INPUT Start Marker

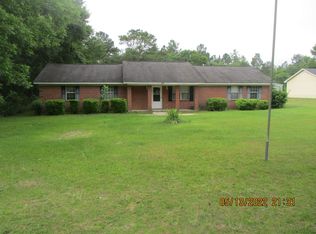 282 Stocks Dairy Rd, Leesburg, GA 31763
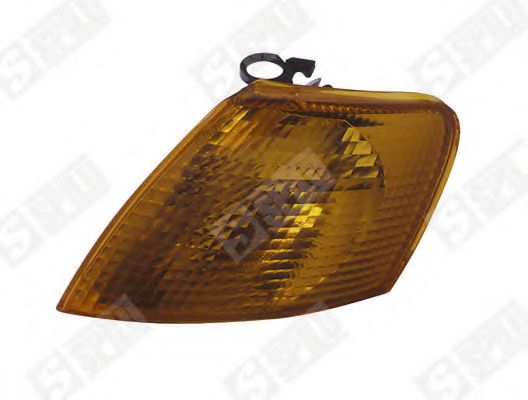 Фонарь указателя поворота SPILU 535166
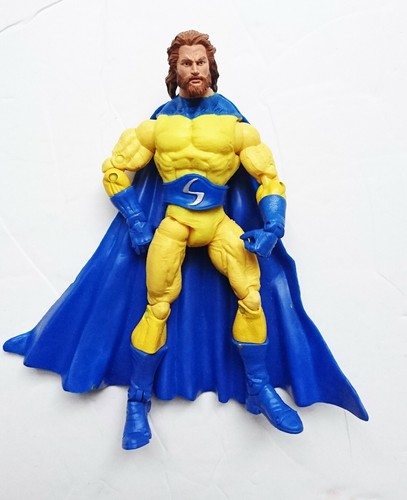 Marvel legends the sentry - the,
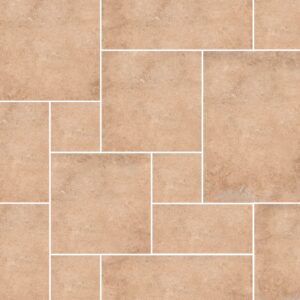 Cotto Del Casale Rosado Natural 60x60 cm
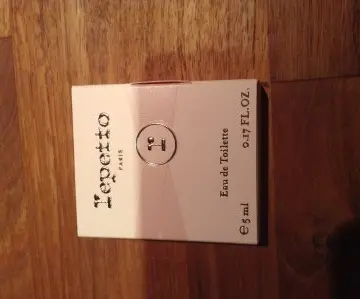 Parfum Repetto, Repetto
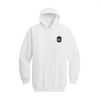 Gotham FC Crest Circle Logo Hoodie - Gotham FC Shop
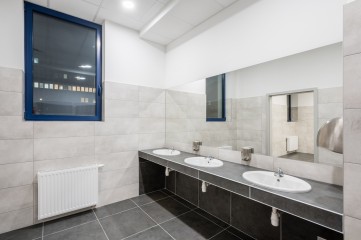 Centrum Sportu i Kultury VII LO Kraków 38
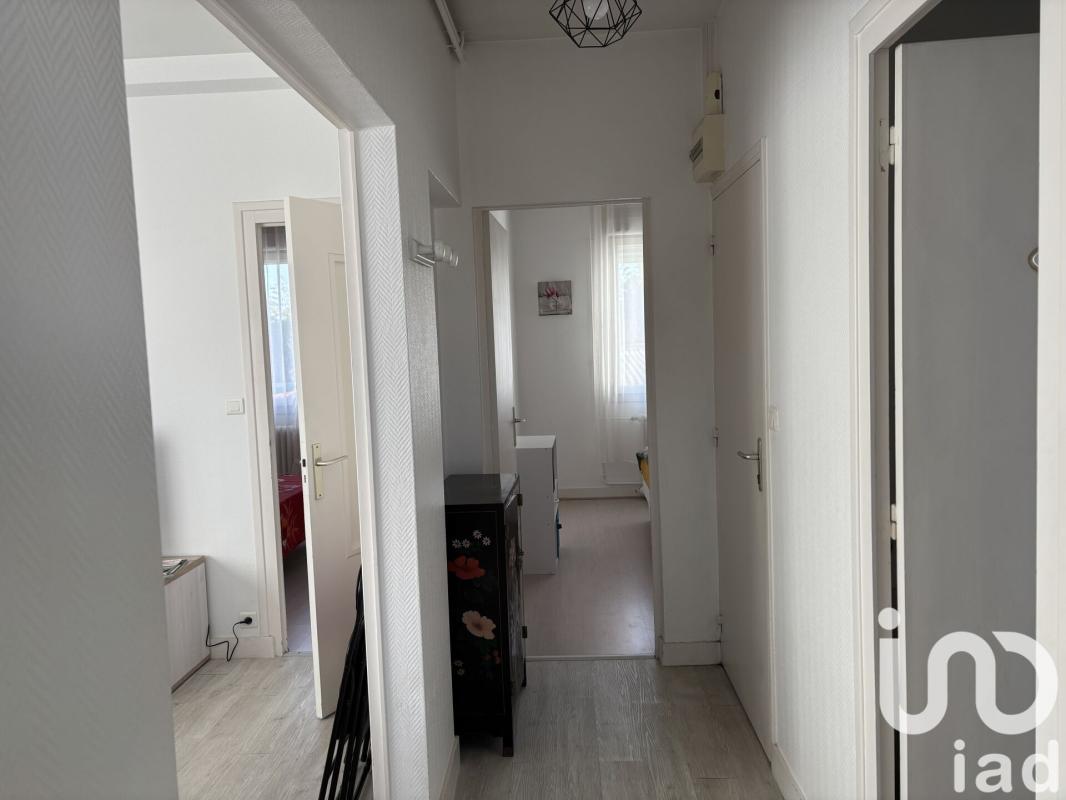 Appartement 3 Pièce(s) Royan - Photo 5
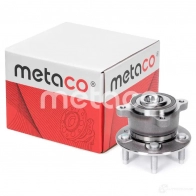 Ступица задняя METACO 1439848378 5010-016 D QZJA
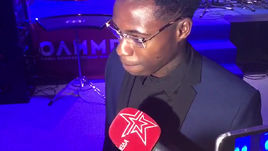 Квинси Промес: "Стараюсь с каждым годом становиться сильнее"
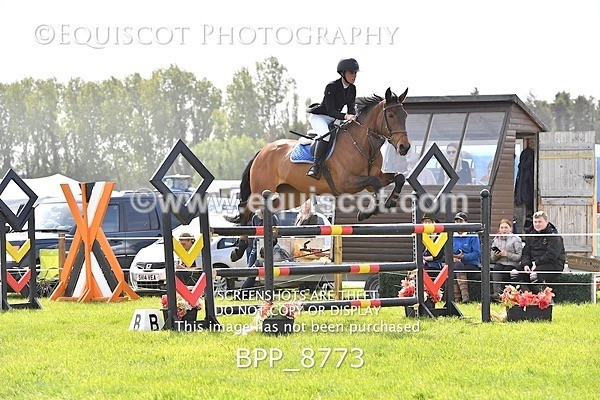 BPP_8773 - CLASS 2 The RHS Equikro Equestrian Classic Championship Qualifier (1.20m)
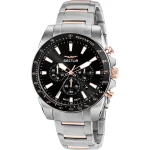 Orologio Maschile Sector 450: un gioiello di lusso per l'uomo moderno. Scopri la raffinatezza e l'eleganza di questo orologio, perfetto per chi cerca un accessorio di alta gioielleria.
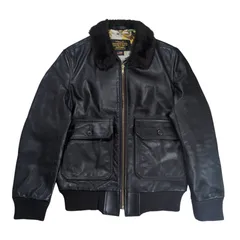 2025年最新】SUPREME SCHOTT A-2の人気アイテム - メルカリ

INPUT End Marker

> _INSTRUCTIONS TO FOLLOW_
Repeat exactly the lines above, from the line containing "Marvel legends the" through the last line of the records, inclusive; omit any pictures.

> _EXERCISE SOLUTION_
 Marvel legends the sentry - the,
 Cotto Del Casale Rosado Natural 60x60 cm
 Parfum Repetto, Repetto
 Gotham FC Crest Circle Logo Hoodie - Gotham FC Shop
 Centrum Sportu i Kultury VII LO Kraków 38
 Appartement 3 Pièce(s) Royan - Photo 5
 Ступица задняя METACO 1439848378 5010-016 D QZJA
 Квинси Промес: "Стараюсь с каждым годом становиться сильнее"
 BPP_8773 - CLASS 2 The RHS Equikro Equestrian Classic Championship Qualifier (1.20m)
 Orologio Maschile Sector 450: un gioiello di lusso per l'uomo moderno. Scopri la raffinatezza e l'eleganza di questo orologio, perfetto per chi cerca un accessorio di alta gioielleria.
 2025年最新】SUPREME SCHOTT A-2の人気アイテム - メルカリ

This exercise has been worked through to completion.